**Material provided:**
== == ==
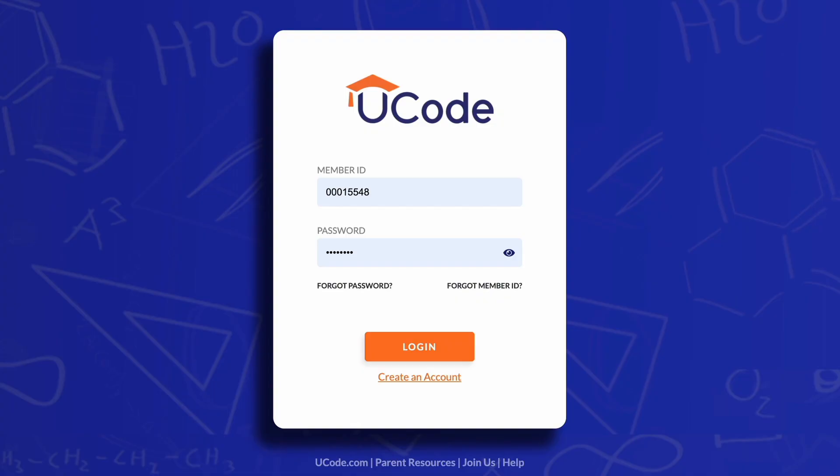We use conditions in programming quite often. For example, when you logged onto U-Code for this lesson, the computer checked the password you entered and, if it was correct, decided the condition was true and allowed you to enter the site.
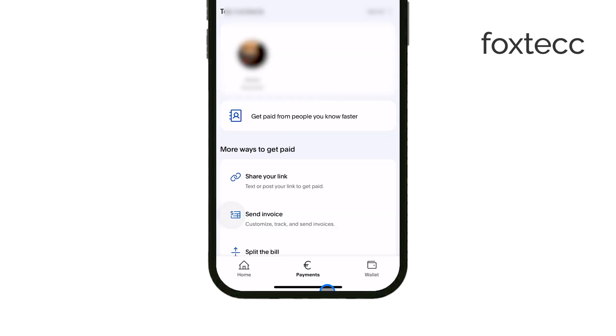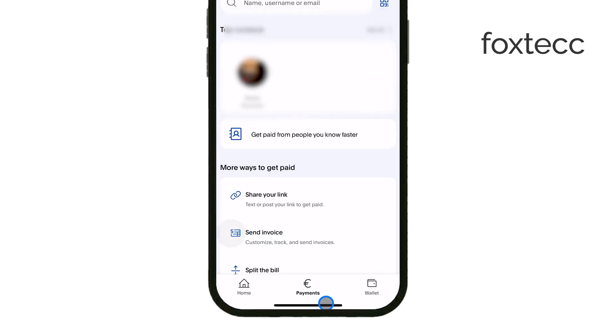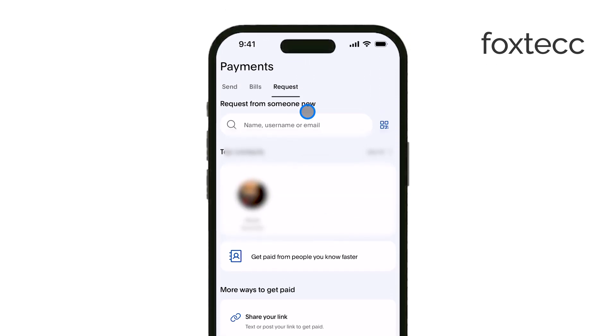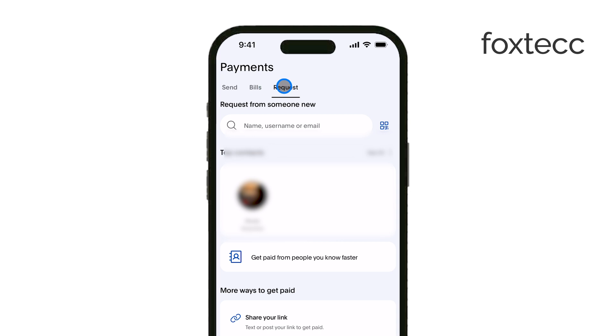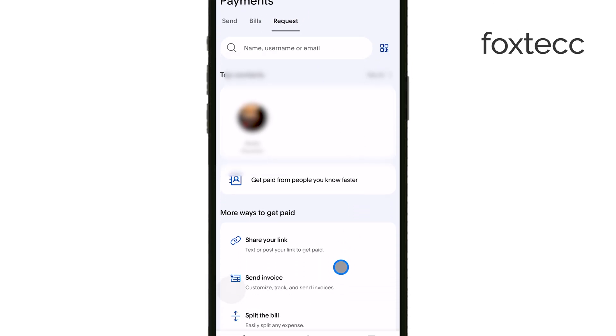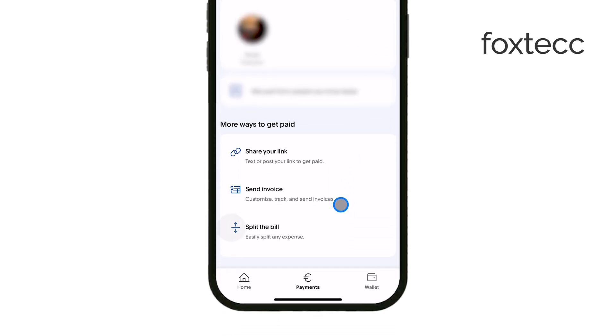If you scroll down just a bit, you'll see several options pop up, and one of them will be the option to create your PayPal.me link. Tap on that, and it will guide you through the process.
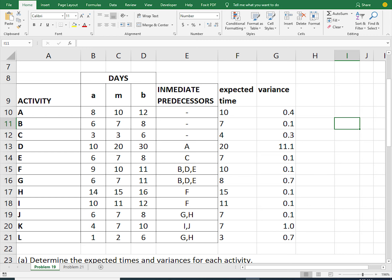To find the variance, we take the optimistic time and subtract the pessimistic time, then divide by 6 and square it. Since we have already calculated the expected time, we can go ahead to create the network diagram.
== == ==
**Brief:** An exact copy is needed of only the lines from the top of the material through the line with "If you scroll"; no pictures belong in it.

**Exercise output:**
We use conditions in programming quite often. For example, when you logged onto U-Code for this lesson, the computer checked the password you entered and, if it was correct, decided the condition was true and allowed you to enter the site.
If you scroll down just a bit, you'll see several options pop up, and one of them will be the option to create your PayPal.me link. Tap on that, and it will guide you through the process.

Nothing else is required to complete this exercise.